Die Stadt im Hochsauerland war uns keine Unbekannte mehr. Während einer Radwanderung hatten wir schon einmal Bekanntschaft mit ihr geschlossen. Aus dem Ruhrgebiet und dem Bergischen Land kommend, waren wir die kilometerlange Steigung hinauf nach Winterberg gestrampelt. Anschließend ging es dann in schöner, langer Abfahrt an der Lahn entlang Richtung Rhein. Diesmal waren wir etwas langsamer unterwegs.

Der Rothaarsteig führte uns langzügig durch Winterberg – bergabwärts und bergaufwärts. Etwas ätzend das Wandern auf dem Straßenpflaster! Zum Zentrum hin auch wegen der vielen Besucher in der Stadt: Ausflügler, Urlauber und Einkaufsneugierige. An unserem Wochenende war „Offener Verkaufssonntag“ angesagt. Na, fein! Volle Hütte also im Stadtzentrum! Wir „wilden Wandergesellen“ in unserer zünftigen Kleidung wurden gehörig bestaunt, vor allem wegen unserer abenteuerlichen Hüte mit den breiten Krempen. Gleich im ersten Menschengewusel begegneten wir einem älteren Mann. Irgendwie ein eigenartiger kauziger Typ. Er sprach uns an, nicht ich ihn, wie bei Begegnungen meist von mir praktiziert. In kurzer Zeit vermittelte er uns Teile seiner Vita. Das klang in Stichworten so: gute, sehr gute Geschäfte gemacht, geschieden, Geld vorhanden, Frauen auch, Hausbesitzer, Rassehundhalter, dazu noch so allerhand Besitz, außerdem sei das Sauerland langweilig usw. Hatten wir alles nicht erfragt und interessierte uns auch nicht. Merkenswert nur seine Idee, uns einzureden, dass wir bestimmt Geschwister seien, Anne und ich. Davon ließ er sich partout nicht abbringen:

 

Ihr seid doch gleich angezogen ...

Ihr seht euch doch auch so ähnlich ...

Ihr gefallt mir doch beide so gut ...

Mmm? Es wurde schwierig, ihn loszuwerden, um weiterzuziehen.
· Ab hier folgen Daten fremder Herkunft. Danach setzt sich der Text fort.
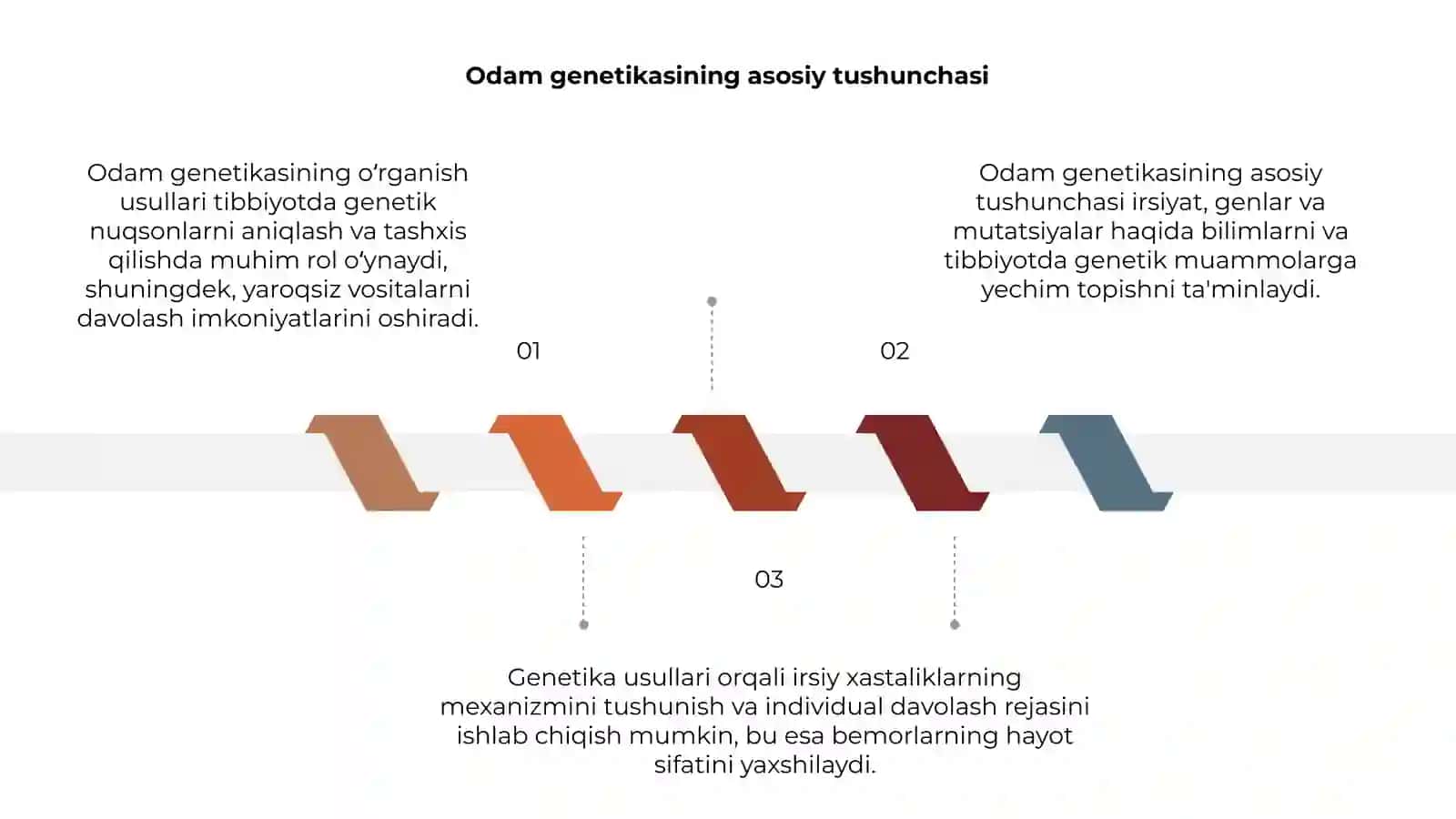 Odamlarning genetikasi tibbiyotdagi ahamiyati 3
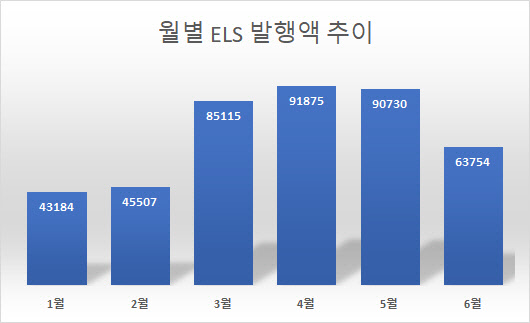 단위 : 억원. <한국예탁결제원 제공>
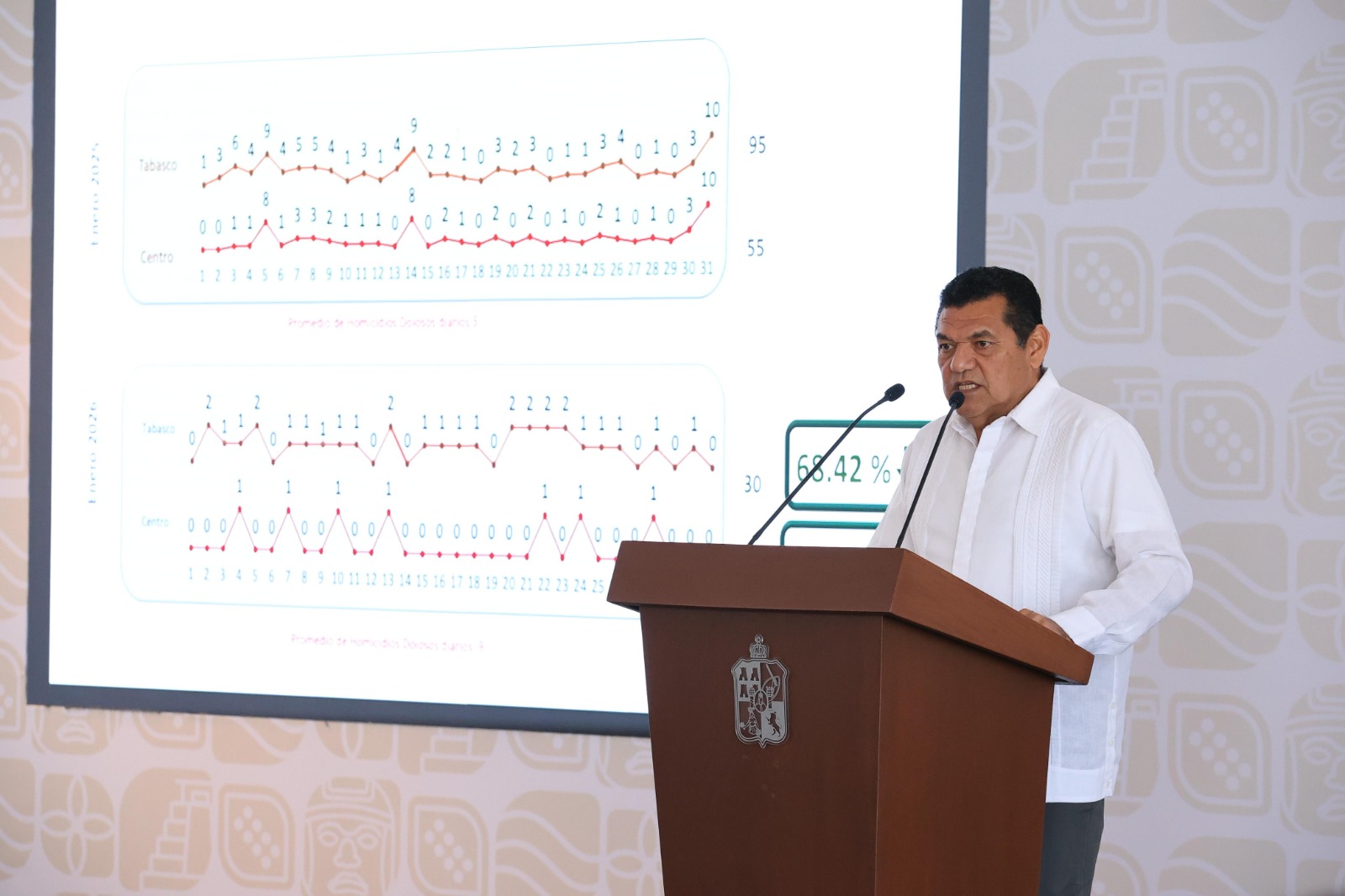 Estrategia de seguridad da resultados en Tabasco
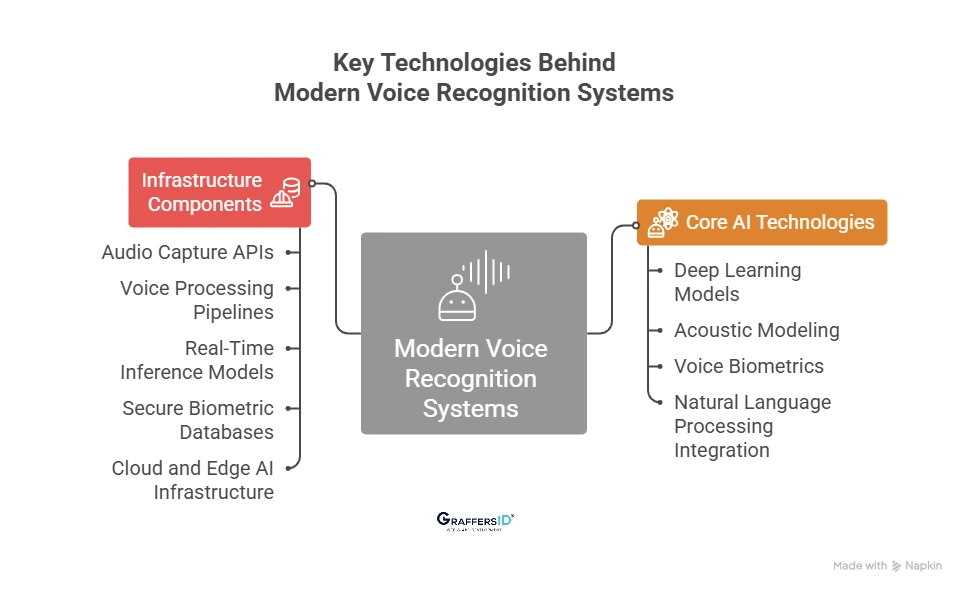Key Technologies Behind Modern Voice Recognition Systems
Im Zentrum der Stadt, auf einer Bank sitzend, kurze Vesper. Dann schnell und zügig Neustart. Nach den ruhigen Wanderkilometern und Wandertagen wurde uns das Menschengewimmel zu viel. Obwohl wir da ja in Berlin an ganz andere Gewimmel gewohnt sind. Die uns aber auch nicht gefallen. Diese wimmelnden Gewimmel. Im Gegensatz zu den reizvollen Wimmelbüchern11 für die Kinder, die auch wir Alte uns immer wieder gern ansehen. Nun nicht mehr mit den eigenen Kindern, sondern mit deren Kindern, also den Enkeln, und mit Urenkeln.

Unser schnelles Fortwandern aus Winterberg hatte aber nichts, was ausdrücklich betont werden soll, hatte nichts mit dem Spitznamen der Einwohner zu tun. Und dass wir vielleicht aus Furcht vor ihnen die schnelle Flucht antraten. Der Spitzname der Winterberger? Was für ein Spitzname? Vom Spitznamen der Briloner hatten wir ja schon gehört. Also diese werden ja liebevoll auch Esel genannt. Zu welchem Spitznamen sind denn nun die Winterberger gekommen? Und warum?

Also: Man sagt im Sauerland den Winterbergern nach, dass sie Eier in jeder beliebigen Zubereitung mögen und außergewöhnlich viel und häufig Eier essen würden. Deshalb wurden sie, die Winterberger, von den Leuten aus den benachbarten Orten vor Jahr und Tag mit dem Spitznamen „Äggerfriäter“ belegt.

Äggerfriäter > Eierfresser

Eierfresser! Darauf muss man erst einmal kommen! Äggerfriäter! Haben wir wieder ein Wort des Sauerländer Platt kennengelernt! Was sich der Volksmund so einfallen lässt!

Hinter Winterberg das erste und einzige Mal auf dem Rothaarsteig eine unangenehme Wegstrecke. Der Steig nicht gut gelegt. Läuft ätzend an der Bobbahn und der St.-Georg-Schanze vorbei – kurzsinnig erst bergauf, dann wieder weit hinunter. Schließlich das erste und einzige Mal: schlechte, dann zweideutige, dann fehlende Markierung. Im Hanggelände! Mönsch! Doch Malte fand den Weg zum Kahlen Asten, dem dritthöchsten Berg im Rothaargebirge!

Der Aufstieg schließlich nicht allzu steil und schwer. Doch mühsam, da es dem Etappenende zuging. Da werden erfahrungsgemäß die Berge steiler und die Rucksäcke schwerer! Das ist so! Ehrenwort des erfahrenen Wanderers!